Re: Re: Functional Inside Out Closure Objects
by sth (Priest) on May 20, 2004 at 17:19 UTC

    Personally, I never really thought of OOPerl as hard, ugly yes,

    Ugly? why?


      To start with, perl's object system was a bolt-on to the existsing module system, which is both ugly (because it kind of exposes the soft underbelly of objects) and cool at the same time (you can do some crazy stuff with modules/typeglobs, and you can now do them with objects too :)

      How it handles inheritance is another.

      package Foo; @ISA = qw(Bar);
      This takes the idea of inheritance and converts it into a "magic" laden assignment statement. This exposes too much of the details of how perl manages inheritance, which IMO is ugly. Maybe I am a purist, but I think that declaring inheritance should be part of the class declaration, or at the very least have its own keyword.

      Constructors in perl are nothing special, which at first glance is cool, but it does lead to some ugly code when calling base class constructors in subclasses. I personally like the C# syntax for these things:

      class Bar { string name; public Bar (string name) { = name; } } class Foo : Bar { Hashtable attributes; public Foo (string name, Hashtable attributes) : base(name) { this.attributes = attributes; } }
      Also, the idea that an object is just a blessed reference IMO is another double edged sword. It makes encapsulation a big issue/problem. (Sure I know you can do Inside-Out objects and closures, etc etc etc, but all of them just add to the already touchy syntax.) Now I know the idea is that you shouldn't mess with the internals because you were not invited, and that it then becomes a social problem.

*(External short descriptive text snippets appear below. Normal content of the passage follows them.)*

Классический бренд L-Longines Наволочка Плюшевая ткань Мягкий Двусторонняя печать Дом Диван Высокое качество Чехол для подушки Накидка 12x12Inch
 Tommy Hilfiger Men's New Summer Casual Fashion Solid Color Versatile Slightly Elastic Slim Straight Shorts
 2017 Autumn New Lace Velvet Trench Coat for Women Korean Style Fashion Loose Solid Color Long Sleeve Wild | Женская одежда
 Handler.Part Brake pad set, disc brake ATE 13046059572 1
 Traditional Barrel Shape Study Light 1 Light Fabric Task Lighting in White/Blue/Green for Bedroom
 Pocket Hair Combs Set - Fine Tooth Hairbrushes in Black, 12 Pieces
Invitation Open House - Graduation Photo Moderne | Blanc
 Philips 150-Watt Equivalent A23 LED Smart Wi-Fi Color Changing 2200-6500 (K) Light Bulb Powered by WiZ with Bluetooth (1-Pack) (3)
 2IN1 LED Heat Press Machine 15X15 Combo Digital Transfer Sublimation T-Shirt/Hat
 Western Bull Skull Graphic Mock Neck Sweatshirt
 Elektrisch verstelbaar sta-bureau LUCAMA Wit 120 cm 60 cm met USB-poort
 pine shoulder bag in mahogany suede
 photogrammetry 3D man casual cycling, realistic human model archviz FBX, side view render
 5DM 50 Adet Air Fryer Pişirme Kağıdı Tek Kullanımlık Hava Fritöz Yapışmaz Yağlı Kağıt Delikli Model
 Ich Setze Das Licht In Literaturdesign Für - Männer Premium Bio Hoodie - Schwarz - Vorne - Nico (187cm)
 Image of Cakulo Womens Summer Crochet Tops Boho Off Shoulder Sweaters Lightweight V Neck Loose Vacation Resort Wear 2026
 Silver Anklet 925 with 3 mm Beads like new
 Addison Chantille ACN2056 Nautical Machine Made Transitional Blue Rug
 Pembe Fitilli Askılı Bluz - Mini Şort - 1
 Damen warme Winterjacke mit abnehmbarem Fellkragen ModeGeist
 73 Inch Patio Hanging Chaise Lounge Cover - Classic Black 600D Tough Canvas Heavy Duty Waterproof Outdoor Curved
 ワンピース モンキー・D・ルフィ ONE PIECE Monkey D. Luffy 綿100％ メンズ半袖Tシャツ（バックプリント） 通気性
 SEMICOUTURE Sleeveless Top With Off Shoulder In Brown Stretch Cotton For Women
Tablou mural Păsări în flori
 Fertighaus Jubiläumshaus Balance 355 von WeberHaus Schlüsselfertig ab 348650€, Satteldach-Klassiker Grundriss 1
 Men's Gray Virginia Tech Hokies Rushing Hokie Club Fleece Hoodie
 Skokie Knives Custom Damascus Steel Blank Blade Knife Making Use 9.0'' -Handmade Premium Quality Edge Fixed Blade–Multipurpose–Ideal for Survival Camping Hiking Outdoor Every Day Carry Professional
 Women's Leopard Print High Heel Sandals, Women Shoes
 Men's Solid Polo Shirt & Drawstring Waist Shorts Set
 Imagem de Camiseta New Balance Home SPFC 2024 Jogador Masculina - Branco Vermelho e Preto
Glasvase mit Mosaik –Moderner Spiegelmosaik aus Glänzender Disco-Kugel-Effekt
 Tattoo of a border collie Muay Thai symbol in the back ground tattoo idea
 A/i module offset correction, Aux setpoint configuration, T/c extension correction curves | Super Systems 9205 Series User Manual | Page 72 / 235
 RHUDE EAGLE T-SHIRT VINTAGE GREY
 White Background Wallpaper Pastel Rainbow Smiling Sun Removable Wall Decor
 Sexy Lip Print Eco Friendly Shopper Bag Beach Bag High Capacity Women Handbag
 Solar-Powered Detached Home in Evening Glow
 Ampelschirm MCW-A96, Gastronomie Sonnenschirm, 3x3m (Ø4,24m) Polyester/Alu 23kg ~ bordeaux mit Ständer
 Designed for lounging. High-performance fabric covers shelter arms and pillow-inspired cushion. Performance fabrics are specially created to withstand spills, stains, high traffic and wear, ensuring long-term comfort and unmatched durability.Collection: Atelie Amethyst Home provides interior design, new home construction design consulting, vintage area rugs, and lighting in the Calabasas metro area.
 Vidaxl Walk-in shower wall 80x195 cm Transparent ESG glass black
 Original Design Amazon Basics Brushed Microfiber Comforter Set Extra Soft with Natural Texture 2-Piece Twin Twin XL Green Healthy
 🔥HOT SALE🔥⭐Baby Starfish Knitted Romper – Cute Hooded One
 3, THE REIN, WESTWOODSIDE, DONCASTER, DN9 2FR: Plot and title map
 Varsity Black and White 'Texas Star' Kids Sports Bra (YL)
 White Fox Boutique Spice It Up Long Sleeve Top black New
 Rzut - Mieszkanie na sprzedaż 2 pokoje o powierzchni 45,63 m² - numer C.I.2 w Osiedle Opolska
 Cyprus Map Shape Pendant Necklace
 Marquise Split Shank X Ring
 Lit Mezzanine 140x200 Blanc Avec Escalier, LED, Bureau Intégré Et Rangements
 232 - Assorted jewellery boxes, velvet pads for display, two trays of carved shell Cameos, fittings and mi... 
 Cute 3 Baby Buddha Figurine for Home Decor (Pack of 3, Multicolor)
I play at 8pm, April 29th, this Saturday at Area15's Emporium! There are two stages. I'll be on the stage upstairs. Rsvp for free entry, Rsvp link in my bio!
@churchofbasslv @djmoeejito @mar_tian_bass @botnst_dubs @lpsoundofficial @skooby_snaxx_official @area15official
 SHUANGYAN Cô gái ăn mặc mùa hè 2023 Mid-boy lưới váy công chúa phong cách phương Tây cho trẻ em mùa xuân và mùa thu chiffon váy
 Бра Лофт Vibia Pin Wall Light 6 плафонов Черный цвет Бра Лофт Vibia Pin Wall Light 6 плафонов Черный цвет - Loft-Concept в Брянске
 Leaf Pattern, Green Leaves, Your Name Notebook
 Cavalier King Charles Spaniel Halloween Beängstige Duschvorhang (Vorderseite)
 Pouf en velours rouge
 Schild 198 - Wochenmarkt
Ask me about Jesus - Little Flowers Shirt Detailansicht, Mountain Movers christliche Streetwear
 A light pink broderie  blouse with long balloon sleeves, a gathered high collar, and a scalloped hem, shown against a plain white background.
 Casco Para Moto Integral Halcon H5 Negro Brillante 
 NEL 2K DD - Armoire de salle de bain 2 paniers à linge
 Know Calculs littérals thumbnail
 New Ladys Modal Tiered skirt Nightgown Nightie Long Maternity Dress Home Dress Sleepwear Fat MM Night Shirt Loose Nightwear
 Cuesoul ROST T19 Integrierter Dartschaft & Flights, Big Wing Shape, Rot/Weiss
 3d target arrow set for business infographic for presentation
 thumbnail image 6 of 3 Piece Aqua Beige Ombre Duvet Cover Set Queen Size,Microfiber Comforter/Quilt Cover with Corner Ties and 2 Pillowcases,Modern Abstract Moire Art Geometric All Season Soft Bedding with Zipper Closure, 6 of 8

But I would rather not have the social problem at all and have strong encapsulation.

      All this said, I love perl, so I have worked with/around all this stuff in my own way, but it doesn't change the underlying ugliness of it. And yes, some might call this elegance, and I will be the first to admit that there is a fair amount of elegance in how minimally invasive the adding of objects to perl was, but when you get deep into the thick of it, there is some real ugliness there no matter what.

        This takes the idea of inheritance and converts it into a "magic" laden assignment statement.
        Huh? use base was invented to address those concerns. Check it out.